Несомненно, в первое десятилетие нового века мировоззрение британцев сузилось, что было серьезным испытанием для моего ума; но, боюсь, если бы я попытался в этом разобраться, то вороха исписанной бумаги, которыми уже стала эта книга, превратились бы в неподъемную кипу. Благодаря экономическому развитию Америки и военной дерзости Германии вера в мировое лидерство Англии постепенно выдохлась. Долгое правление королевы Виктории, пора недорого доставшихся процветания и прогресса, породило привычку к политической праздности и легкомыслию. Как народ, мы оказались совершенно не подготовленными, и когда стало очевидно, что новые соперники бросают нам вызов, мы тут же стали задыхаться. Мы не знали, как на это ответить. Мы неохотно давали образование широким слоям британцев; наши университеты не поспевали за нуждами нового времени; правящий класс, чьи преимущества охранял всеобщий снобизм, обладал широкими взглядами, беспечностью и исключительной ленью. Эдуардовская монархия — и королевский двор, и общество — была мила и бесхребетна. «Эффективность», слово графа Розбери{322} и Уэббов, казалась педантичной и вульгарной. Наш либерализм утратил размах, превратившись в возвышенную блажь. Но многие умы пробуждались. За нашим столом в отеле «Сент-Эрминс» ожесточенно спорили Макзи, Беллэрс, Хьюинз, Эмери и Маккиндер, уязвленные небольшим, но унизительным перечнем поражений в южноафриканской войне, ощущающие угрозу экономического спада и глубоко встревоженные агрессивностью Германии на море и на суше. Спорили они в основном с либерализмом, чью сторону по-прежнему отстаивали Ривз, Рассел и я, насильно поворачивая нас от широких обобщений к конкретным проблемам.

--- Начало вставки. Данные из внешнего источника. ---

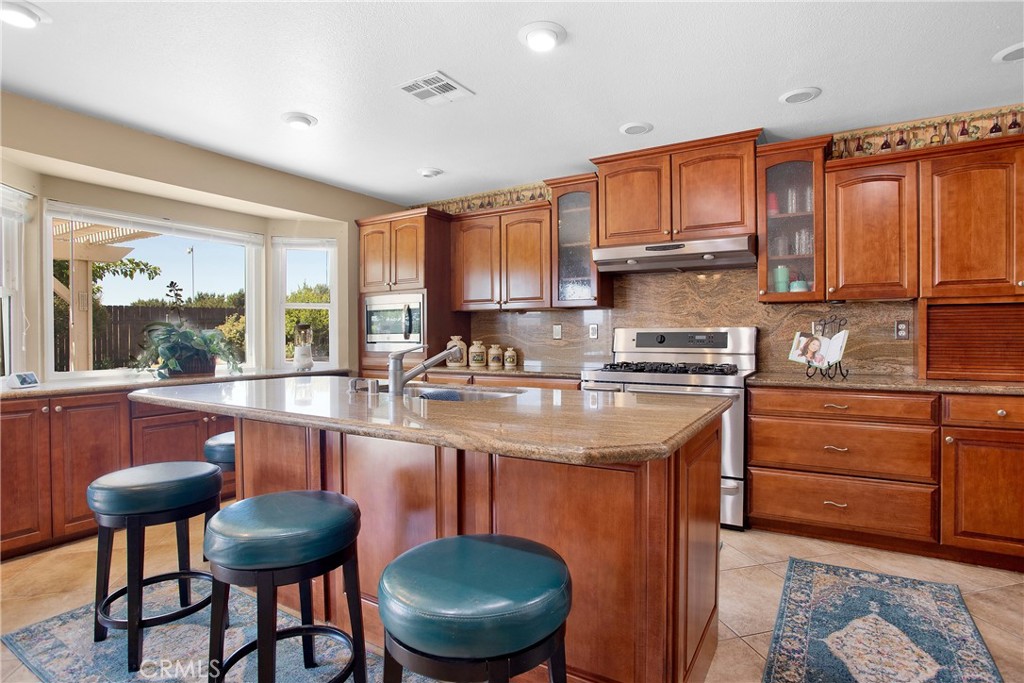 9275 Rattlesnake Road Phelan, CA 92371 - Photo 20 of 68 a kitchen with stainless steel appliances granite countertop a sink and cabinets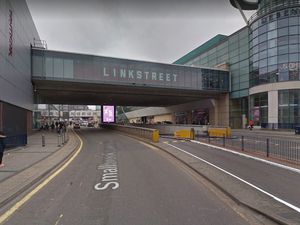 Supporting image for story: City centre road closed after man threatens to jump from bridge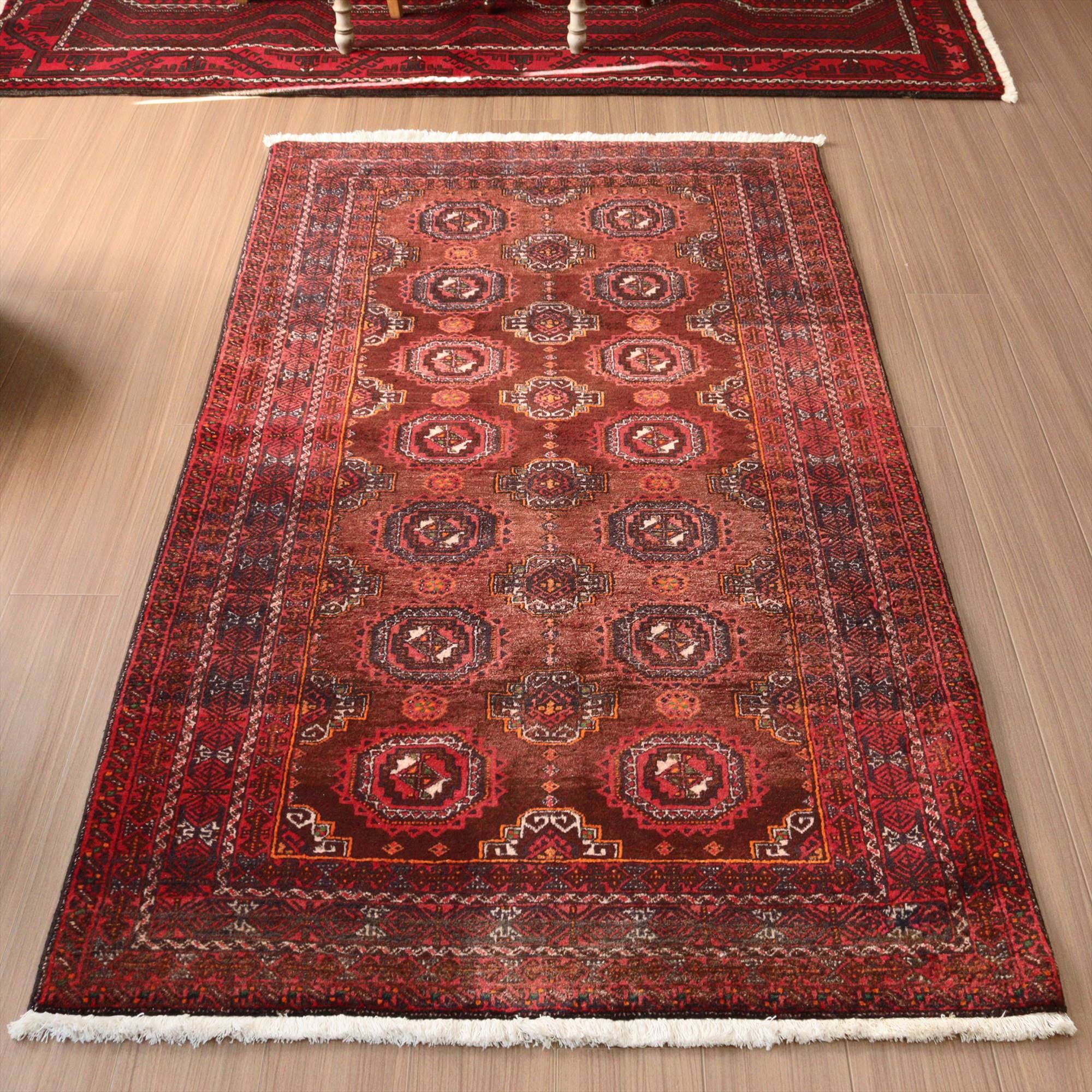 バルーチ族の絨毯204×111cm 連なるギュル文様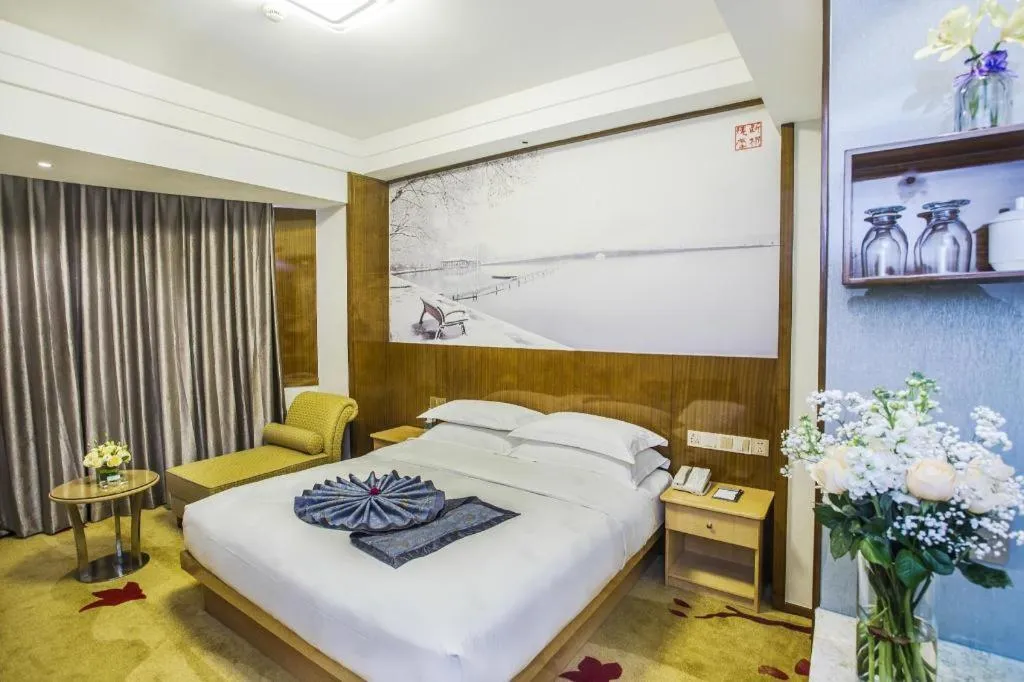 Bed in Huachen Kenzo Hotel Hangzhou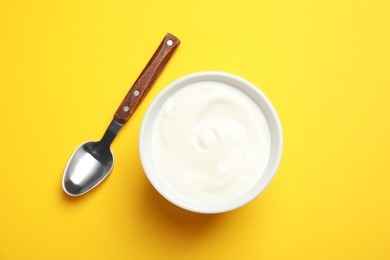 Bowl with creamy yogurt and spoon on color background, top view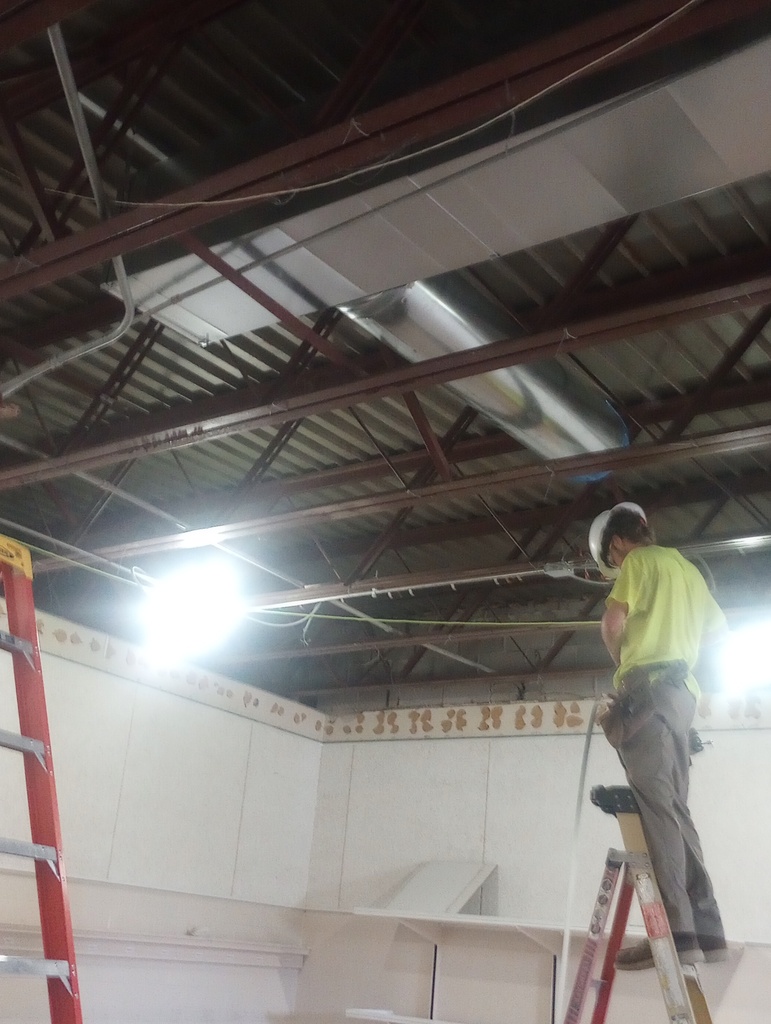 Ductwork installation in the Band Room.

Эти новые империалисты не видели разницы между национальной энергией и патриотической узколобостью. Сужая взгляды, можно быстро и без особых затрат увеличить эффект. Они защищали вооружение, военную подготовку, оборонительные союзы, а на широкое, действенное образование, в котором и заключено подлинное величие народа, смотрели с полнейшей беззаботностью, если не пренебрежением. Я пытался подойти к делу основательней, проследить скрытые истоки нашей инертности. Я говорил (что в основном списывали на простительную эксцентричность) о вреде монархии, о недоброжелательности высших кругов к подлинному таланту, а также о том, что всю сферу образования монополизировали Оксфорд и Кембридж. Я полагал, что если бы Великобритания стала республикой еще в начале XIX века и вместо привилегированных средневековых заведений и расцвета личной, едва ли не феодальной, преданности основала современную, распространенную по всей империи систему университетов с центром в Лондоне, она бы во многом вернула былое единство с Америкой и совсем иначе смотрела в лицо всему миру. Наш образ мыслей, доказывал я, все еще связан с родовыми поместьями, все еще служит высшему обществу в духе XVIII века, ибо мы упустили свою революцию. Как видите, сплошные «если» и «бы», но так я тогда рассуждал.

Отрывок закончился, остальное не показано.